Climate change will lead to uncertainty for future biodiversity and productivity of montane grasslands. Increasing temperature may favor increased biomass when water is not limiting directly or indirectly by increasing soil activity. These changes in biomass allocation may also change interspecific competition of species within communities. We examined yearly changes in productivity and diversity in grasslands exposed to warmer climates following permanent downslope translocation of plant-soil monoliths. We expected to see increasing temperature leading to i) increased aboveground biomass in sites where precipitation was similar to the home environment and ii) subsequent decreases in richness as competitive hierarchies shifted.
Material and Methods
We addressed these hypotheses by translocating 126 plant-soil monoliths of three different montane grasslands in the German Alps to lower sites with elevational changes ranging from 300 m - 1000 m, in order to simulate possible future climate scenarios.

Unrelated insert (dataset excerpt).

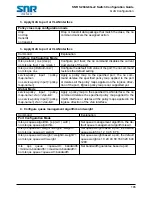 Предварительный просмотр 185 страницы SNR S2940-8G-v2 Configuration Manual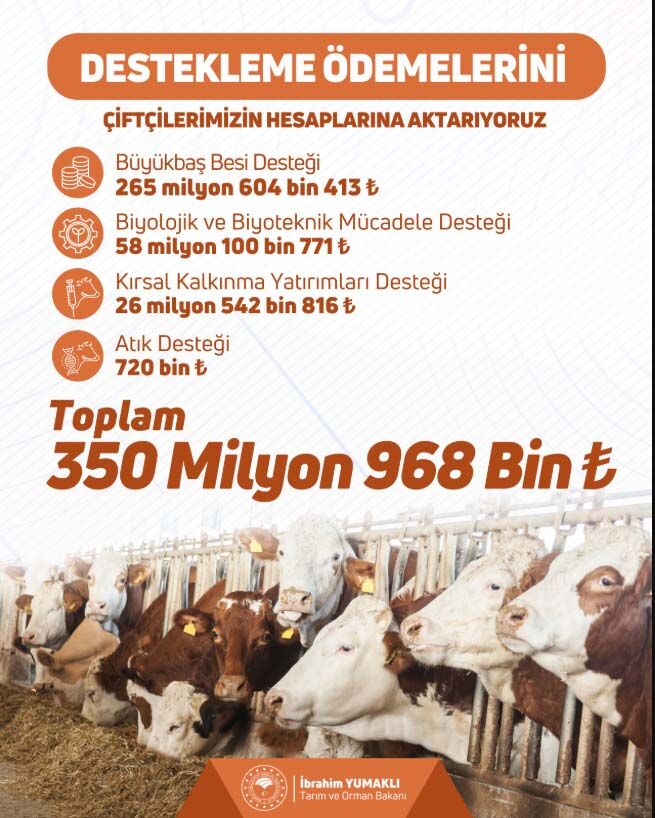 Çiftçiye Destek Ödemesi 24 Nisan 2026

In July 2019, a subset of mesocosms were destroyed in order to thoroughly measure soil variables to connect to observed plant community changes.
In 2017, following one year of exposure, plant communities in warmer areas increased aboveground biomass increases as long as precipitation regime was not severely altered. Changes relative to controls ranged from 52% increase to a -23% decrease where precipitation also decreased. Species richness declined consistently with warming, ranging from 13% to 46% species loss. In 2018, a severe drought occurred in Central Europe, leading to experiment wide decreases in biomass and species richness.
We show at small spatial scales a loss of species in montane environments with future climate change, while changes in aboveground biomass were conditional on concurrent precipitation changes. Soon we will be able to more mechanistically show how these vegetation changes are linked to changes in soil processes.